For example, you will find the same pastoral advice comes in Joseph Prince’s Destined to Reign: The Secret to Effortless Success, Wholeness and Victorious Living (2007). Prince is a megachurch pastor at New Creation Church in Singapore and the prosperity theology that surrounds his teaching gives “you are the beloved of God” a materialistic gloss that mimics our commercialized culture where it’s “all about you.”
“His favour is all over you,” he promises, and this is the message from page one. “You are called by the Lord to be a success, to enjoy wealth, to enjoy health, and to enjoy a life of victory.” He says later: “Feed on his love for you and receive from him exceedingly abundantly above all that you can ask or think!”
There is some truth in these chipper phrases, but they miss a few key theological pieces. Personally, the shadow of a traumatic car accident in my younger days falls across my timeline, and any theology that assumes being “Beloved” means safety, let alone health and wealth, rings hollow. To anyone who has suffered a wrenching personal loss or undergone a world-shattering tragedy, “You are God’s beloved” may lack credibility without some clear Biblical context. What intends to offer pastoral grace may lack pastoral truth.
Making Belovedness Real
First of all, the passage quoted in the “Beloved” doctrine refers to Jesus’s baptism, when God says “This is my Beloved Son, on whom my favour rests” and the Holy Spirit dove hovers above Jesus. The love in question is the love circle of the Trinity – between Father and Son through the Spirit, and while we are invited into this circle of love, we are not the centre of the picture.

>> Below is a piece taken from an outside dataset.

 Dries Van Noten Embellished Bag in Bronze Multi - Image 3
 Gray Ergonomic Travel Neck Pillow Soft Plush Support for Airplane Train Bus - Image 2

Secondly, the phrase only offers comfort because we are sinners living in a broken world, shaken by an antithesis. Life is a struggle with powerful forces of darkness – between God’s kingdom and Satan’s, between our obedience and our rebellion. We are quick to identify with Jesus’ sweet scene of baptism but conveniently leave out what follows: 40 days in the wilderness being tempted by the devil.
Thirdly, “being Beloved” in a consumer world can conveniently miss the cross. Our belovedness led God to sacrifice himself at great cost, and he calls us similarly to “take up our cross.” I spoke with my spiritual director about how “You are my Beloved” did not sit comfortably with me, especially in light of how randomly brutal life can be. He responded: “You could be the beloved of God and still be crucified.”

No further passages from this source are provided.